[Image-caption web data]
□ □ □ □ □ □ □

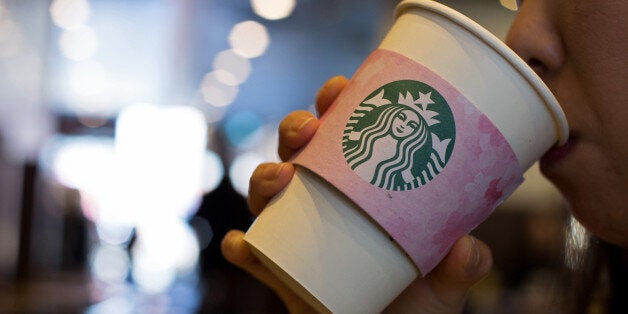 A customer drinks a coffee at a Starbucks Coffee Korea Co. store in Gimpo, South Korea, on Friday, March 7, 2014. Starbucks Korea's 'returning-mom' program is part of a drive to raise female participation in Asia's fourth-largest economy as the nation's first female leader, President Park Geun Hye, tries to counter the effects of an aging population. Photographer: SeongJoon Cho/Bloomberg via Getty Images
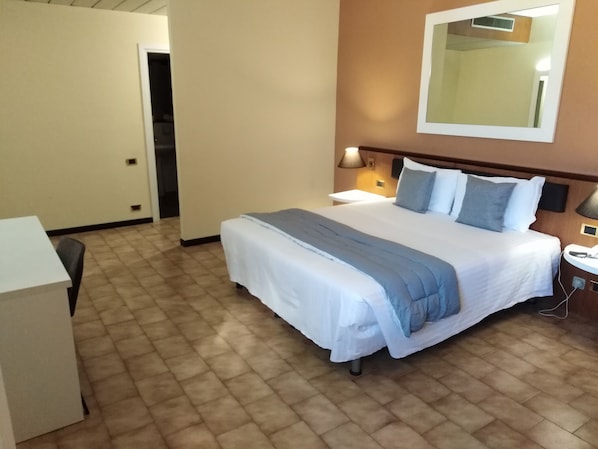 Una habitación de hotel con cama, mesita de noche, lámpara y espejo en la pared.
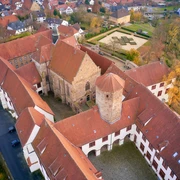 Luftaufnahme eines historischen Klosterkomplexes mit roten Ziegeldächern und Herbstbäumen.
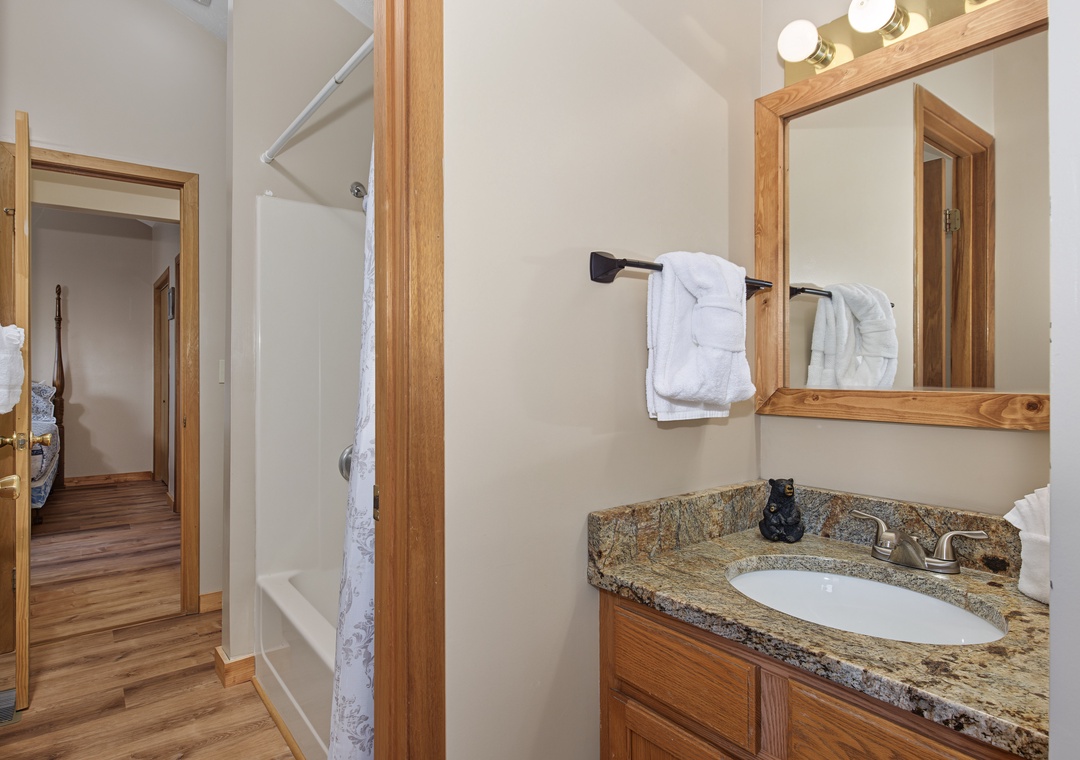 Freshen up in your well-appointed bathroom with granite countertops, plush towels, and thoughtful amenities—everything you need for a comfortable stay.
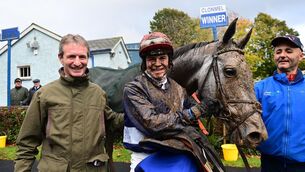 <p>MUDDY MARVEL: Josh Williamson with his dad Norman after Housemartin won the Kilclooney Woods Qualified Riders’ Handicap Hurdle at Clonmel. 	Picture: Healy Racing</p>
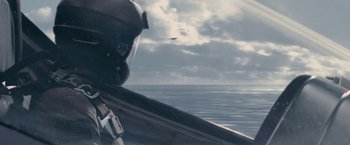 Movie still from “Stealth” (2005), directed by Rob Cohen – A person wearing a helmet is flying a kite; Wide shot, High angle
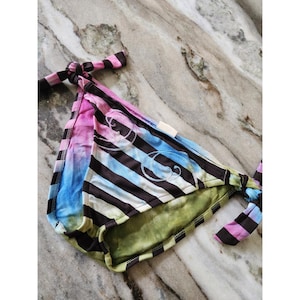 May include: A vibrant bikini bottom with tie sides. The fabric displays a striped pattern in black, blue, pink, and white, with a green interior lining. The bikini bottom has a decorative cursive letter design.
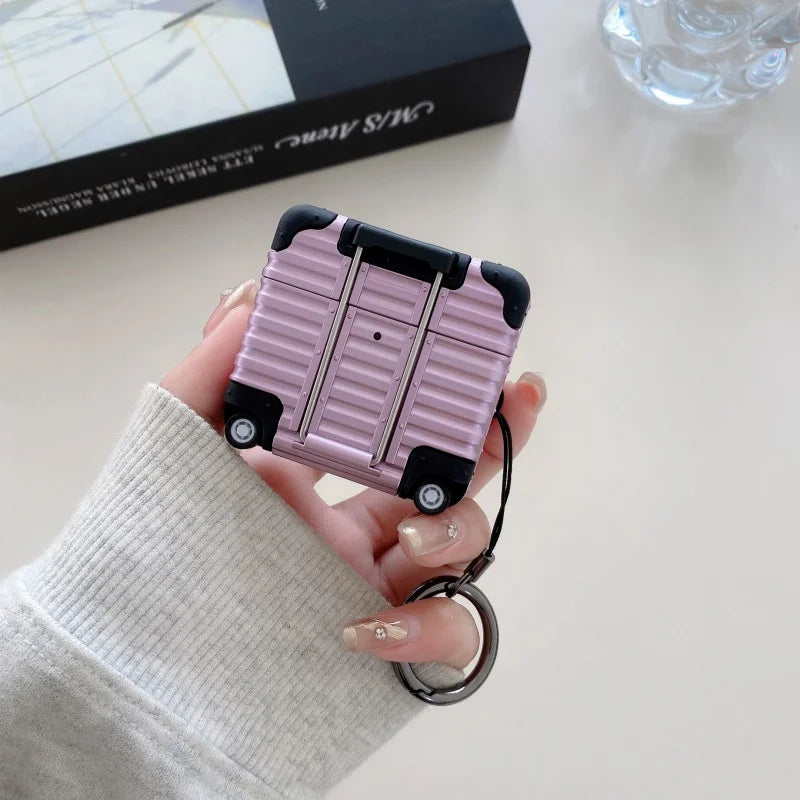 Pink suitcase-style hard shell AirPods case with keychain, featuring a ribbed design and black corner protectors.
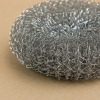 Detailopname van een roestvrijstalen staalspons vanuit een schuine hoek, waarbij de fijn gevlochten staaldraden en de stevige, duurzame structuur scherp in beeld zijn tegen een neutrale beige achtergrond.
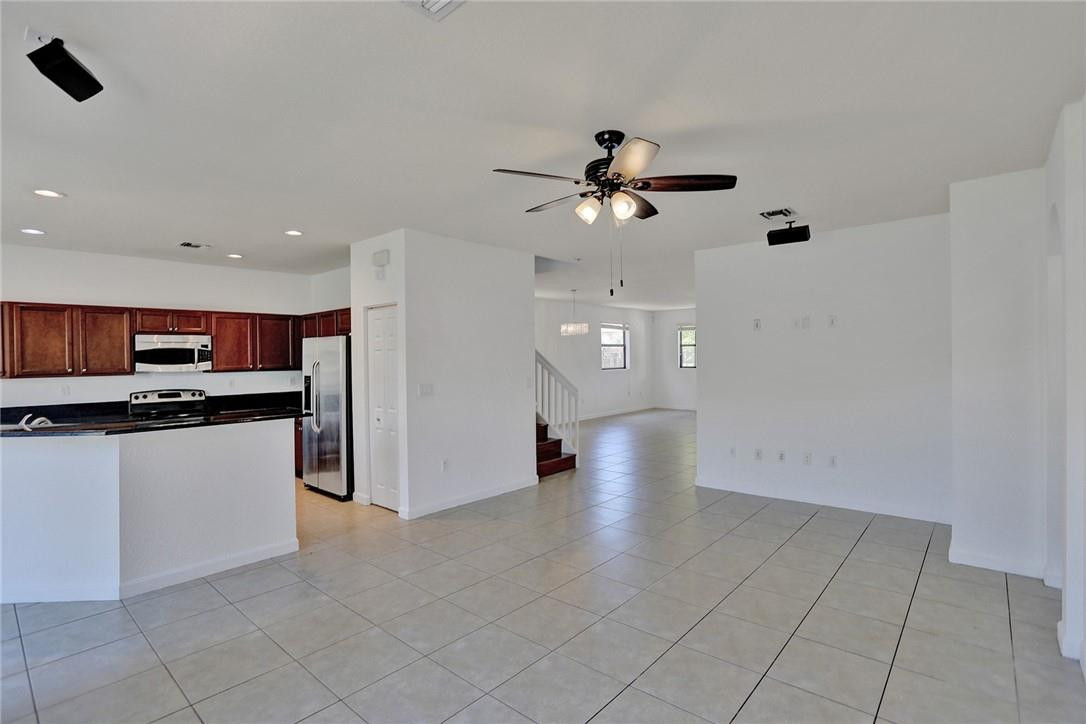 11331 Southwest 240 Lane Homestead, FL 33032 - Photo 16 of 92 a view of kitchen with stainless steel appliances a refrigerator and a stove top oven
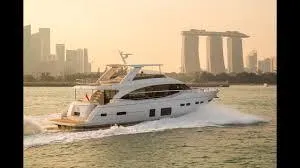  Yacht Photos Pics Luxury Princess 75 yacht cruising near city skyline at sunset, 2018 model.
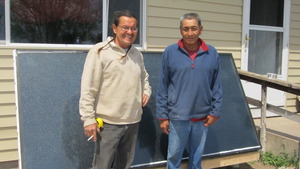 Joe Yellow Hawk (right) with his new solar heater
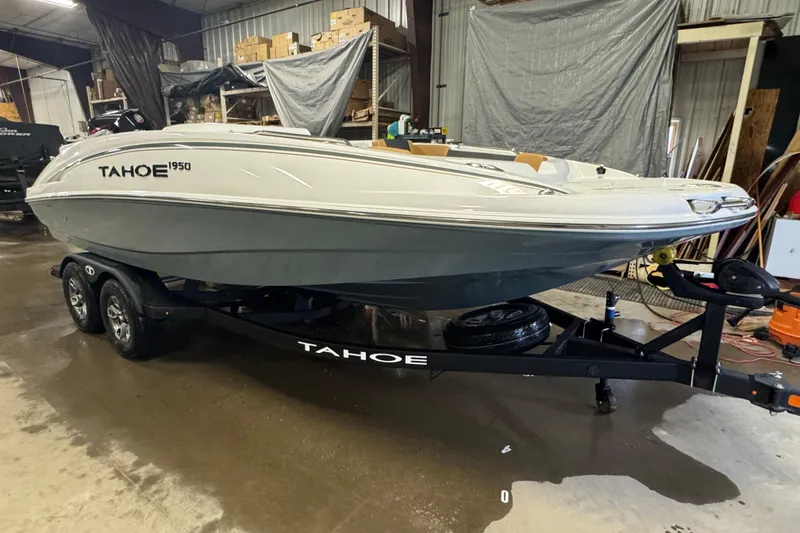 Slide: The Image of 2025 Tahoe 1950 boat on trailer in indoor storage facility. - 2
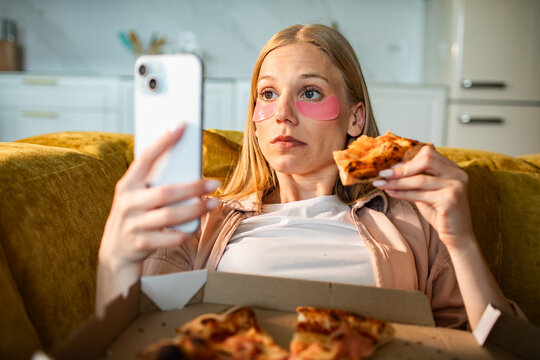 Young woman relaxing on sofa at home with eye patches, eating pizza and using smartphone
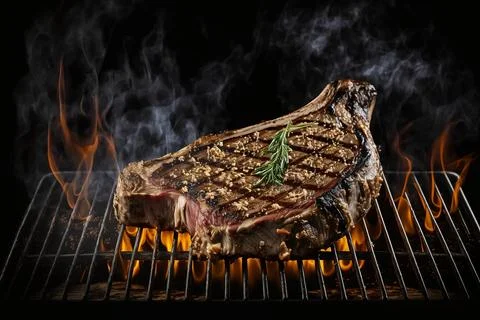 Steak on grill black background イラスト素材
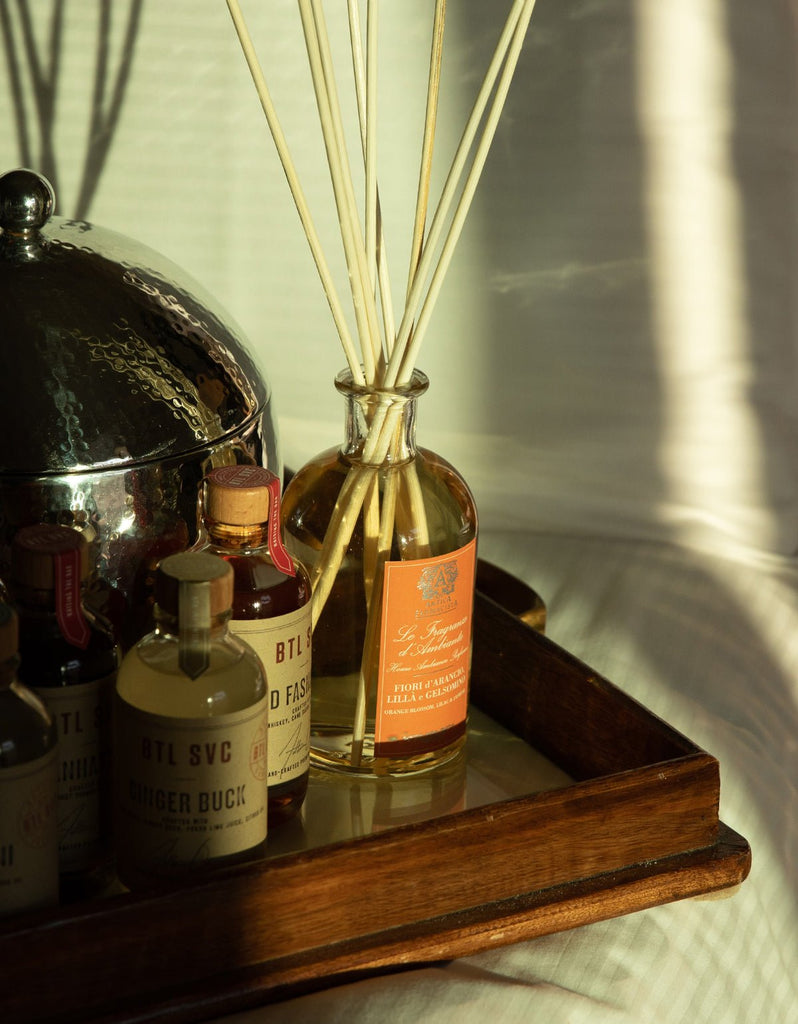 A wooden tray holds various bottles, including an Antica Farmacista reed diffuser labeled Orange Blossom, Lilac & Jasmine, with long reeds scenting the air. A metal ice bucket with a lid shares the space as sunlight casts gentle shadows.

□ □ □ □ □ □ □

[Task description]: With pictures removed, write out exactly each line of the entries from the first through the line that holds "<p>MUDDY MARVEL: Josh".

[Answer box]:
 A customer drinks a coffee at a Starbucks Coffee Korea Co. store in Gimpo, South Korea, on Friday, March 7, 2014. Starbucks Korea's 'returning-mom' program is part of a drive to raise female participation in Asia's fourth-largest economy as the nation's first female leader, President Park Geun Hye, tries to counter the effects of an aging population. Photographer: SeongJoon Cho/Bloomberg via Getty Images
 Una habitación de hotel con cama, mesita de noche, lámpara y espejo en la pared.
 Luftaufnahme eines historischen Klosterkomplexes mit roten Ziegeldächern und Herbstbäumen.
 Freshen up in your well-appointed bathroom with granite countertops, plush towels, and thoughtful amenities—everything you need for a comfortable stay.
 <p>MUDDY MARVEL: Josh Williamson with his dad Norman after Housemartin won the Kilclooney Woods Qualified Riders’ Handicap Hurdle at Clonmel. 	Picture: Healy Racing</p>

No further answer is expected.